The panel is obliged by statute to consult a range of organisations prescribed by the Lord Chancellor, in consultation with the Home Secretary and the Lord Chief Justice, including Victim Support and organisations representing police officers and prison staff. In fact, it consults more widely; and when appropriate, as we heard earlier from my hon. and learned Friend the Member for Redcar, it commissions public surveys.
I recognise the probing nature of many of the amendments that suggest the removal of certain subsections. My hon. Friend the Member for Nottingham, North spoke on several occasions of the Lord Chief Justice's chairing the Sentencing Guidelines Council. Strong support has been expressed for his role, not least because the council is continuing the role currently undertaken by the Court of Appeal, Criminal Division, of which the Lord Chief Justice is head. In those circumstances, I see no benefit in providing him with a casting vote, which would be the effect of one amendment. Leaving the final decision to a single member of the judiciary, however eminent, would be less satisfactory than at present. The guidelines are currently delivered by courts, or through the efforts of a group working on the magistrates courts sentencing guidelines; they will be delivered in future under the arrangements that the Sentencing Guidelines Council itself is to establish.
Preserving proper judicial independence is therefore extremely important.
I repeat with great brevity what I said on earlier amendments. When it comes to the precise nature of Parliament's role, hon. Members have offered various solutions to achieve the necessary subtlety and sophistication. I recognise that we are all reflecting on it as we speak—the Government, the Opposition and those who subscribed their names to amendments—and that we will return to it on Report. I hope that this afternoon's conversation will continue, because I know that my right hon. Friend the Home Secretary is genuinely interested in the range of ideas on how it can be achieved. To the extent that it might be possible to achieve a consensus, it would clearly be beneficial if we could do it by the time that we reach Report.
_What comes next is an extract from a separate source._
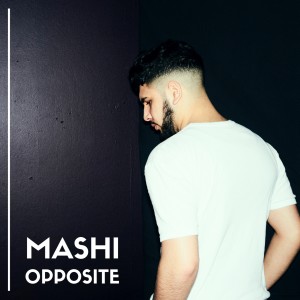ดาวน์โหลดและฟังเพลง Opposite พร้อมเนื้อเพลงจาก Mashi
I am grateful to the Minister for his comments. In a moment, I shall ask the Committee's leave to withdraw the amendment. I am mindful of the criticisms that have been made of the proposal; it was not perfect, and I realise that it had inherent problems. However, it is too easy for such a parliamentary dimension to be watered down and sidelined. I fear that it will be diminished if it is left to the mechanism of a Select Committee; history shows all too clearly how easily that can happen. I have served on other Select Committees and seen how easy it is to shunt a subject into the long grass. If we want Parliament to do something, Parliament must play an affirmative role in the process.
I realise that that is difficult, but I hope that the Minister will consider that aspect and that we can reconsider the matter on Report. I beg to ask leave to withdraw the amendment.
Amendment, by leave, withdrawn.
Sitting suspended for a Division in the House.
On resuming—
Clause 153 ordered to stand part of the Bill.